«L’exemple d’un tel homme doit apprendre à tous ceux qui sont mécontents d’un prince qu’ils doivent longtemps mesurer et peser leurs forces. S’ils sont assez puissants pour se montrer hautement ses ennemis et lui déclarer une guerre ouverte, qu’ils se précipitent sans hésiter dans cette route : c’est la moins périlleuse et la plus honorable.»
Nicholas Machiavel, Discours sur la première décade de Tite-Live, 1531.
On a souvent raillé le pitch minimal de la saga d’action – un aspirant mafieux russe tue le chien du mauvais quidam, qui décimera en représailles tout son clan –, pour louer ses scènes d’action au cordeau et leur volonté de réalisme. Et en effet, la mise en scène de ces dernières aura réussi à ériger l’efficacité en virtuosité : l’action vient moins du découpage que des mouvements des corps, la caméra épousant la portée et la puissance des coups, régulièrement alliés à des prises mettant les ennemis au sol, et les rendant vulnérables à une mise à mort, à l’arme à feu ou à l’arme blanche. Exemplairement ici, dans l’une des premières séquences, l’usage de nunchakus relève moins d’une maîtrise esthétisante de l’arme, comme celle déployée par Bruce Lee, que de l’utilisation ponctuelle d’un objet dont l’impact du manche de bois suffit en quelques coups à neutraliser des adversaires particulièrement coriaces. La chorégraphie des combats – métier initial du réalisateur, Chad Stahelski –, utilise à bon escient les aléas de l’environnement, comme le ballet des voitures qui interrompt temporairement les corps à corps sur le rond-point de l’Arc de Triomphe ; ou, dans un plan-séquence aérien rappelant Hotline Miami, l’anticipation des trajectoires des ennemis, accessibles aux balles au travers des interstices entre les murs et les planchers.

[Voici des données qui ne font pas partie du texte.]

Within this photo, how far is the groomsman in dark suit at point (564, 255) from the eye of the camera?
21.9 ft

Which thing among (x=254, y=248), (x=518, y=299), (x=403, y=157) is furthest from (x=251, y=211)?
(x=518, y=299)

Mais au-delà de cet aspect esthétique, en s’épaississant au fur et à mesure des opus, l’univers de la série a révélé une profondeur insoupçonnée, à laquelle Benjamin Patinaud a consacré une analyse exhaustive, dans laquelle il soulignait que les protagonistes sont liés par un contrat social, régi par des lois que l’on n’enfreint pas impunément. Dès lors, ce qui sépare John Wick des autres actioners de sa trempe, c’est peut-être la place primordiale accordée aux conséquences de chaque acte comme moteur même de l’intrigue : amis et ennemis réunis autour d’un verre portent d’ailleurs un toast « aux conséquences ». Chaque meurtre en entraîne mécaniquement un suivant, comme chaque nouvel épisode commence à la minute où s’arrête le précédent : le chien de John n’était ainsi que le premier d’une longue suite de dominos qui n’en finit pas de s’écrouler, et dont les secousses sismiques sont à chaque fois plus déstabilisantes pour l’organisation mafieuse à laquelle Wick a appartenu, La Table.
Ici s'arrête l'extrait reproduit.